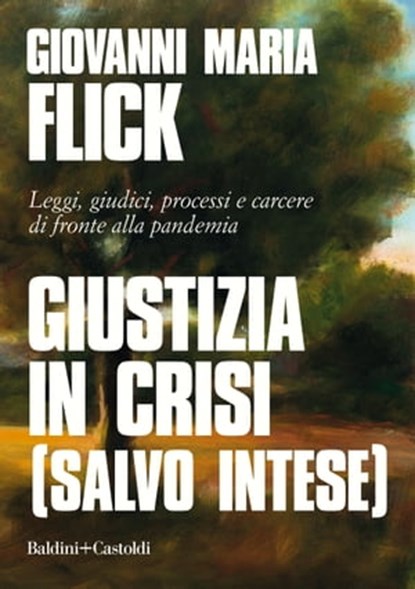 Giustizia in crisi (salvo intese), Giovanni Maria Flick - Ebook - 9788893887366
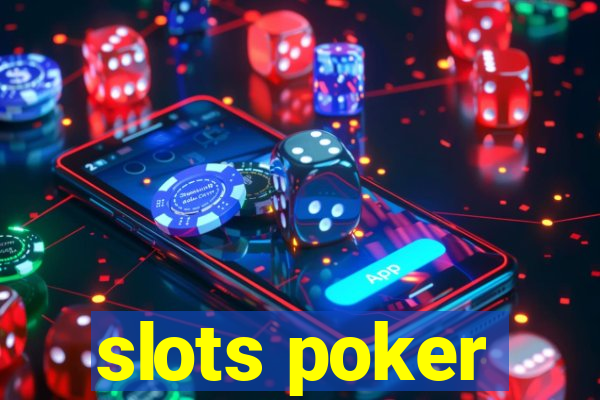 slots poker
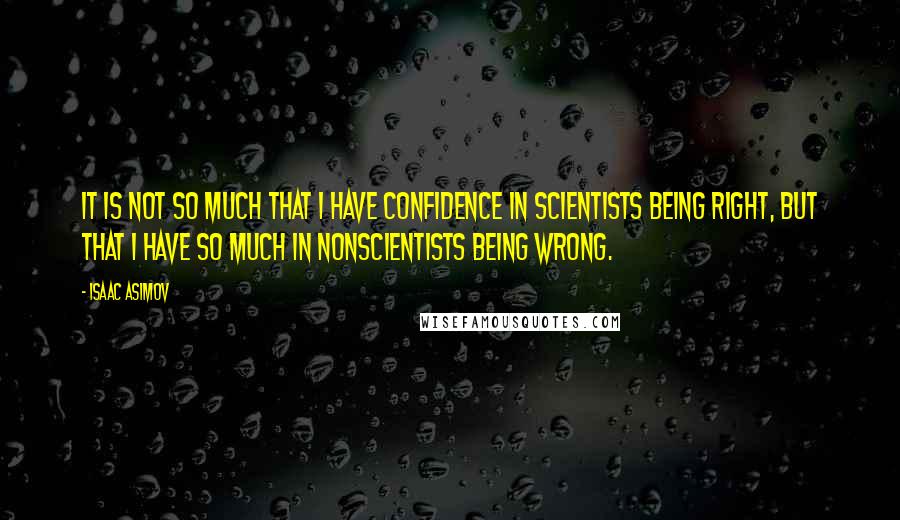 Isaac Asimov Quotes: It is not so much that I have confidence in scientists being right, but that I have so much in nonscientists being wrong.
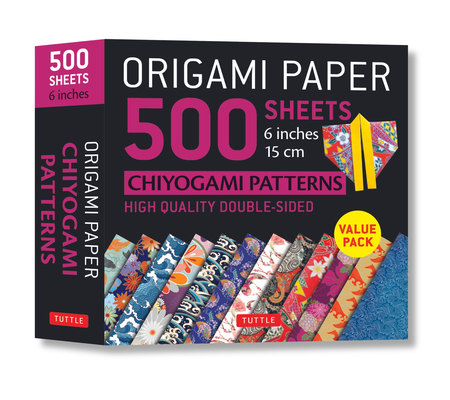 Origami Paper 500 Sheets Chiyogami Patterns 6 15cm: Tuttle Origami Paper: Double-Sided Origami Sheets Printed with 12 Different Designs (Instructions By Tuttle Studio (Editor) Cover Image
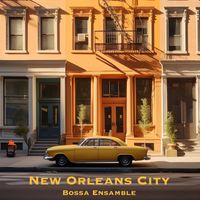 Bossa Ensamble - New Orleans City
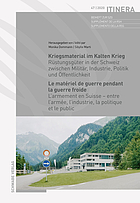 Kriegsmaterial im Kalten Krieg/ Le matériel de guerre pendant la guerre froide Rüstungsgüter in der Schweiz zwischen Militär, Industrie, Politik und Öffentlichkeit/ L'armement en Suisse - entre l'armée, l'industrie, la politique et le public.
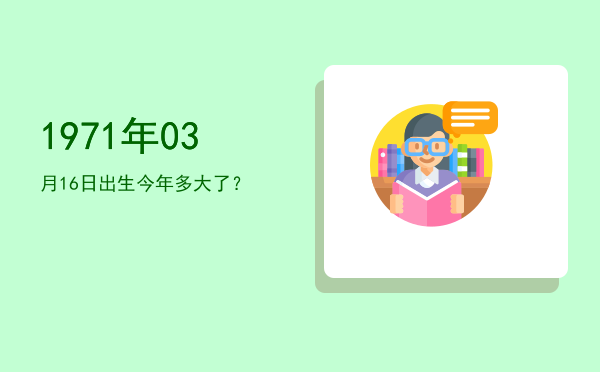 1971年03月16日出生今年多大了?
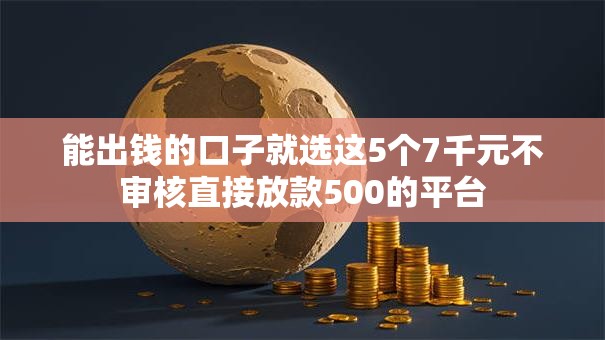 能出钱的口子就选这5个7千元不审核直接放款500的平台 能出钱的口子就选这5个7千元不审核直接放款500的平台
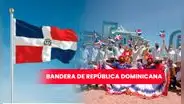 Fiestas Patrias en República Dominicana: datos que debes saber de la bandera nacional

####

• **What the task requires**
This task calls for restating, word for word, each line from the line holding "Isaac Asimov Quotes: It" through the end of the material, pictures left out.

• **Completed task**
 Isaac Asimov Quotes: It is not so much that I have confidence in scientists being right, but that I have so much in nonscientists being wrong.
 Origami Paper 500 Sheets Chiyogami Patterns 6 15cm: Tuttle Origami Paper: Double-Sided Origami Sheets Printed with 12 Different Designs (Instructions By Tuttle Studio (Editor) Cover Image
 Bossa Ensamble - New Orleans City
 Kriegsmaterial im Kalten Krieg/ Le matériel de guerre pendant la guerre froide Rüstungsgüter in der Schweiz zwischen Militär, Industrie, Politik und Öffentlichkeit/ L'armement en Suisse - entre l'armée, l'industrie, la politique et le public.
 1971年03月16日出生今年多大了?
 能出钱的口子就选这5个7千元不审核直接放款500的平台 能出钱的口子就选这5个7千元不审核直接放款500的平台
 Fiestas Patrias en República Dominicana: datos que debes saber de la bandera nacional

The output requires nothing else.